◆ LISTED ENTRIES:
━━━━

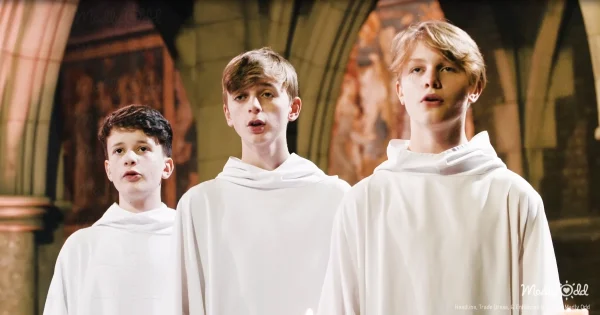 A serene choir of boys dressed in white robes performing “Carol of the Bells” in a grand cathedral. Ethereal light streams through stained-glass windows, casting vibrant patterns on the stone walls as their angelic voices fill the space.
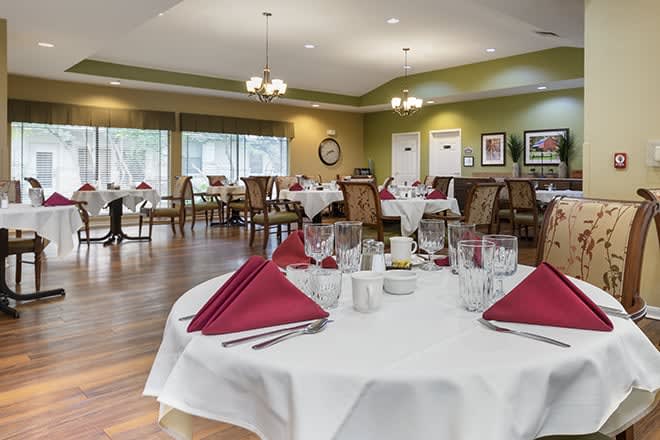 A spacious dining room with neatly set tables, featuring red napkins and glassware.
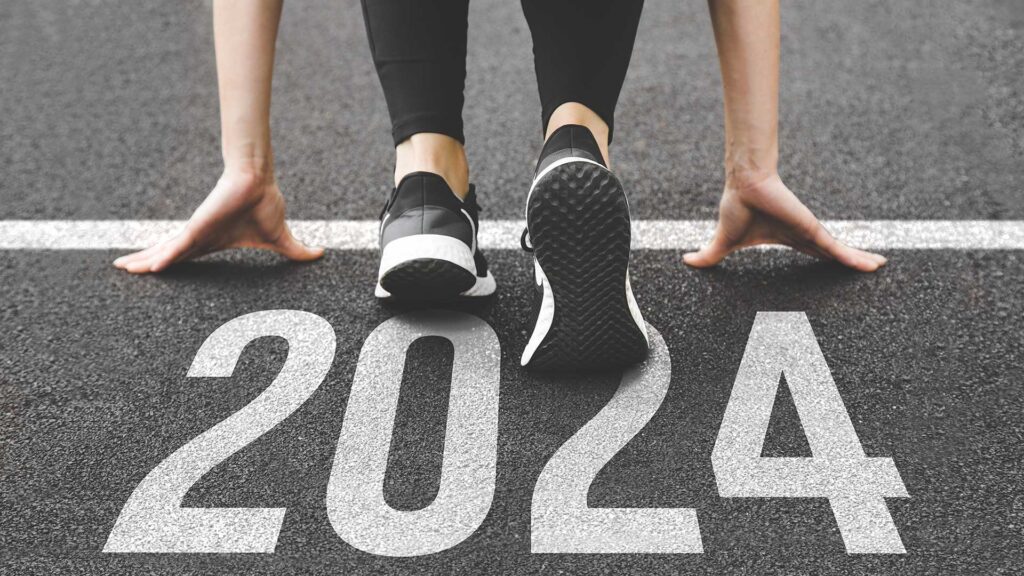 Person getting ready to run with 2024 on the ground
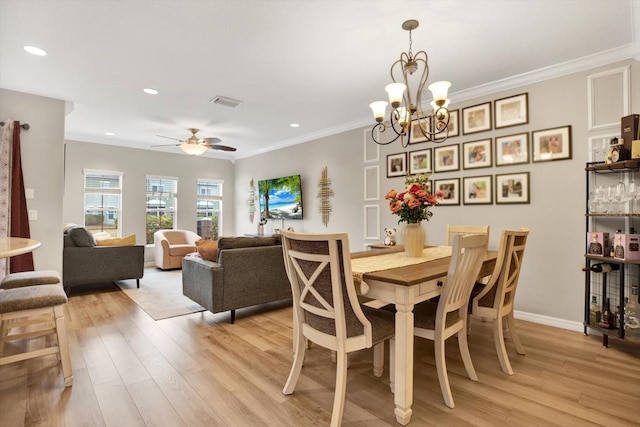 dining area with ornamental molding, ceiling fan with notable chandelier, and light wood-type flooring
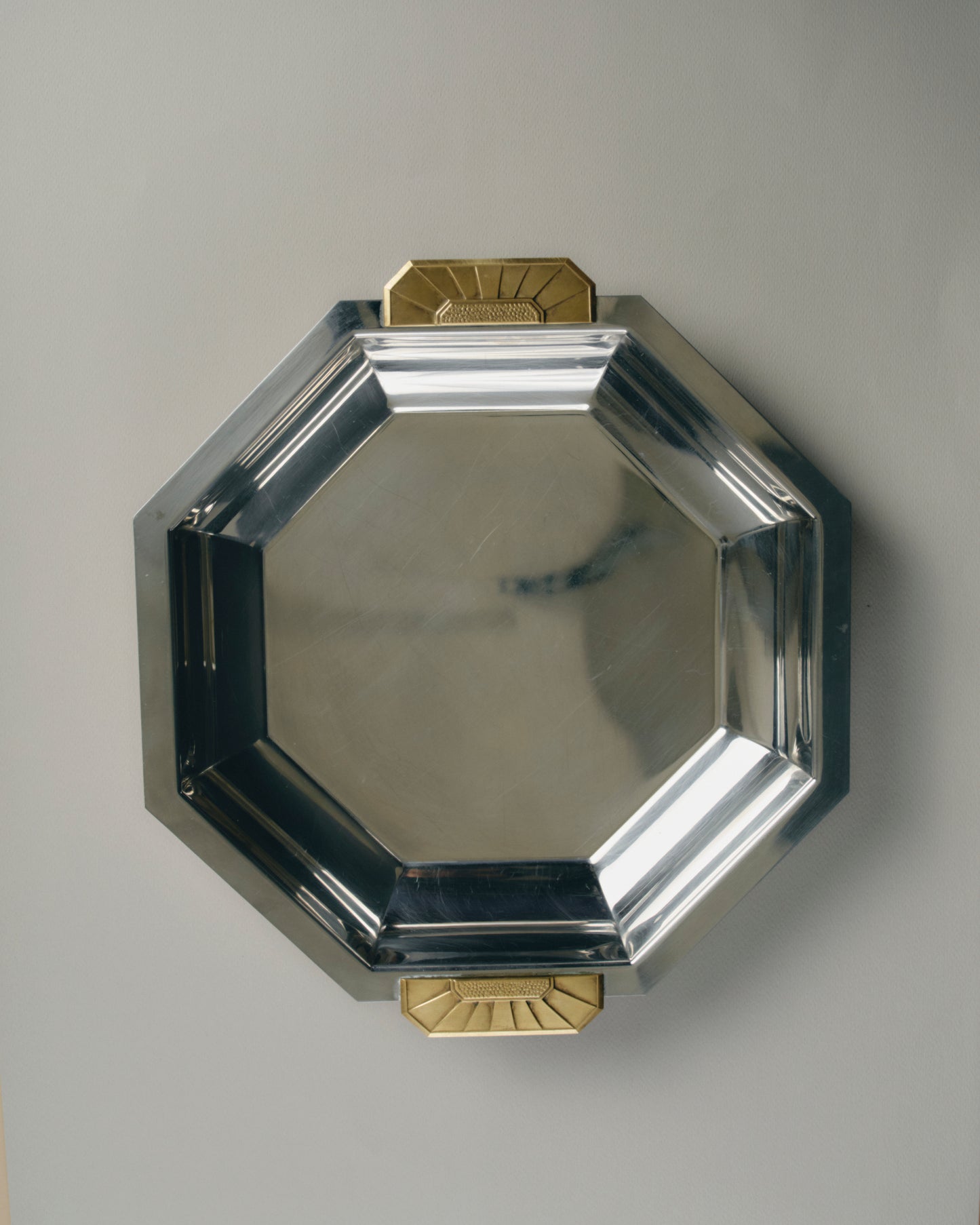 Plat octogonal en acier inoxydable 18/10 à anses en laiton doré, signé Jean Couzon pour Charleston France, vers 1970s. Modèle typique du style Art Déco, reconnaissable à ses lignes géométriques précises et à ses poignées en laiton mouluré à décor symétrique.
Bon été général, présentant de légères traces d'usage conformes à l'âge. Signature gravée sous la base.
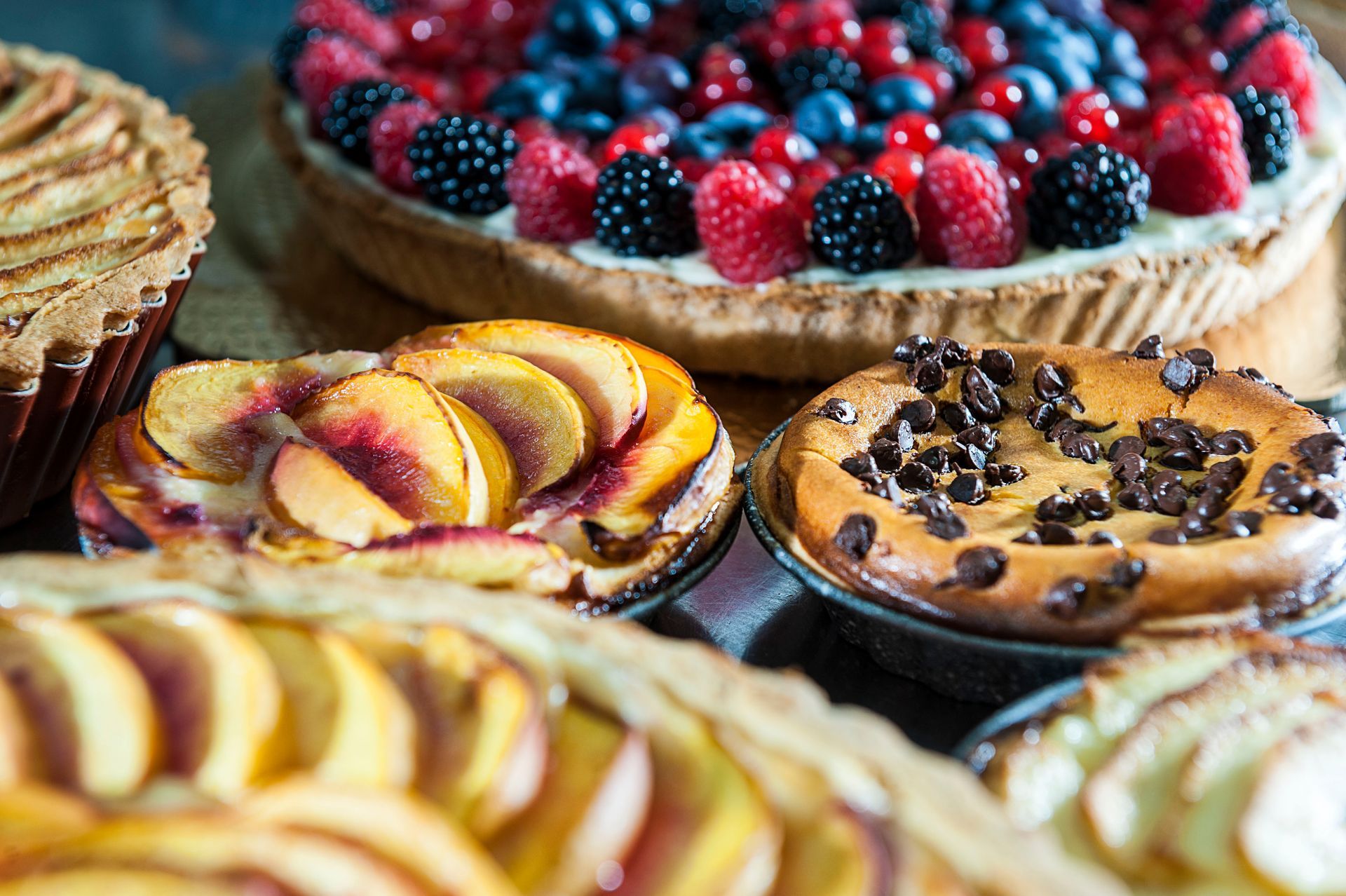 Assorted fruit tarts and pies with berries, peaches, and chocolate chips on display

━━━━

◆ WHAT YOU ARE ASKED TO DO: Copy the data exactly. Pictures do not belong in the copy.

◆ RESPONSE TO THIS TASK:
 A serene choir of boys dressed in white robes performing “Carol of the Bells” in a grand cathedral. Ethereal light streams through stained-glass windows, casting vibrant patterns on the stone walls as their angelic voices fill the space.
 A spacious dining room with neatly set tables, featuring red napkins and glassware.
 Person getting ready to run with 2024 on the ground
 dining area with ornamental molding, ceiling fan with notable chandelier, and light wood-type flooring
 Plat octogonal en acier inoxydable 18/10 à anses en laiton doré, signé Jean Couzon pour Charleston France, vers 1970s. Modèle typique du style Art Déco, reconnaissable à ses lignes géométriques précises et à ses poignées en laiton mouluré à décor symétrique.
Bon été général, présentant de légères traces d'usage conformes à l'âge. Signature gravée sous la base.
 Assorted fruit tarts and pies with berries, peaches, and chocolate chips on display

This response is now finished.